In the Team Members section, click Invite Member. Type your teammate's email address, pick a role — Admin or Member — and click Send Invite.

They get access the next time they sign in to Qalyb with that email. If they don't have an account yet, the spot is held for them and claimed when they sign up with the same address.
The two roles
Qalyb keeps roles deliberately simple: every workspace has exactly two, and admin outranks member.
| Role | What it can do |
|---|---|
| Admin | Full control. Manage team members, connect channels under Deploy, manage webhooks, change billing, and edit workspace settings — plus everything a member can do. |
| Member | Build and run the product: create and edit agents, run campaigns, review calls, and manage data sources and components. Billing, voices, and integrations are read-only. |
What each role can do, in detail
Here's the full picture. Admin-only areas such as Deploy (the channels hub) and Webhooks are hidden from members' sidebars entirely — but the hidden menu item is just tidiness. The server checks your role on every single request, so a member can't reach an admin-only action by typing the address.
| Capability | Admin | Member |
|---|---|---|
| Agents, campaigns, calls, components | Read & write | Read & write |
| Data sources (knowledge bases) | Read & write | Read & write |
| Deploy / channels, webhooks | Read & write | No access |
| Team members | Read & write | No access |
| Billing | Read & write | Read only |
| Voices, integrations | Read & write | Read only |
| Workspace settings | Read & write | No access |
Change a role or remove someone
Each row in the Team Members list shows the person's role as a pill. As an admin you can:
- Change a role — switch someone between Admin and Member with the inline role dropdown.
- Remove someone — open their
⋯menu and choose Remove. You'll be asked to confirm.

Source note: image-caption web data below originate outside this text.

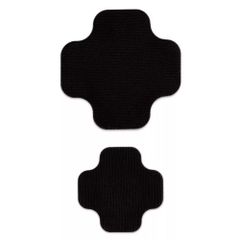 Prym FabPatch Self-adhesive extreme black - 1x2pcs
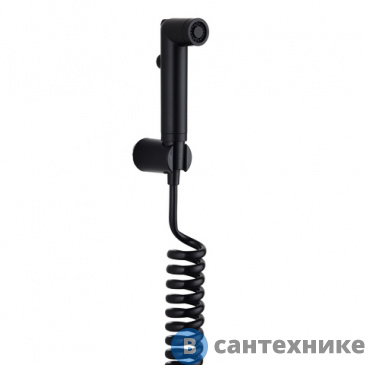 картинка Набор Orange HS011bk чёрный (шланг, гиг. душ, держатель)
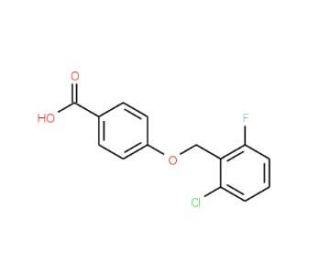 4-[(2-Chloro-6-fluorobenzyl)oxy]benzoic acid - chemical structure image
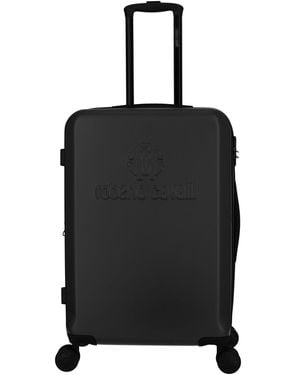 Roberto Cavalli Classic Logo Hard Suitcases - Black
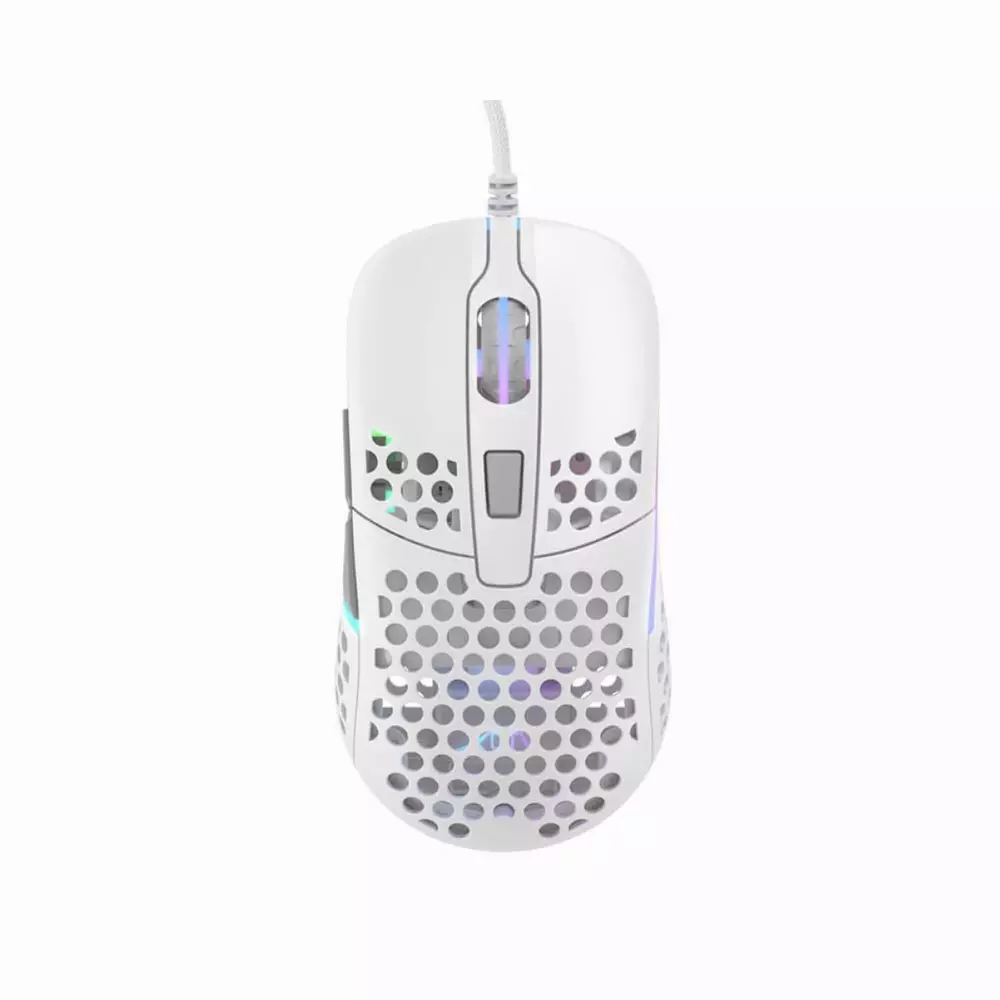 Геймърска мишка Xtrfy M42 White RGB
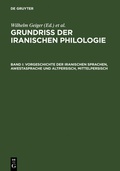 Cover: Vorgeschichte der iranischen Sprachen, Awestasprache und Altpersisch, Mittelpersisch - De Gruyter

Cannot demote/remove the last admin — promote someone else to admin first.Seats by plan
How many teammates you can add depends on your plan:
| Plan | Members included |
|---|---|
| Free | 1 |
| Starter | 2 |
| Pro | 10 |
| Ultra | 50 |
Need more seats? Upgrade from Billing & credits.
Your workspace name and ID
The top of the team page shows your Organization Name and a read-only Organization ID. The ID is how the API refers to your workspace — copy it when a support request or an API call asks for it.
For developers
Team management is also available over the API. Each action is gated by a fine-grained permission (for example members:read / members:write, channels:write, billing:write), resolved from your session plus the X-Organization-Id header on every request. These endpoints need an admin session.
List members
curl https://api.qalyb.ai/auth/organizations/ORG_ID/members \
-H "Authorization: Bearer <session-token>" \
-H "X-Organization-Id: ORG_ID"Invite a member
curl -X POST https://api.qalyb.ai/auth/organizations/ORG_ID/members/invite \
-H "Authorization: Bearer <session-token>" \
-H "X-Organization-Id: ORG_ID" \
-H "Content-Type: application/json" \
-d '{
"email": "ops@acme.com",
"role": "member"
}'Change a member's role
curl -X PATCH https://api.qalyb.ai/auth/organizations/ORG_ID/members/MEMBER_ID \
-H "Authorization: Bearer <session-token>" \
-H "X-Organization-Id: ORG_ID" \
-H "Content-Type: application/json" \
-d '{ "role": "admin" }'Remove a member
curl -X DELETE https://api.qalyb.ai/auth/organizations/ORG_ID/members/MEMBER_ID \
-H "Authorization: Bearer <session-token>" \
-H "X-Organization-Id: ORG_ID"role accepts only admin or member. Inviting an email that already belongs to any organization is rejected, and you cannot demote or remove the last admin.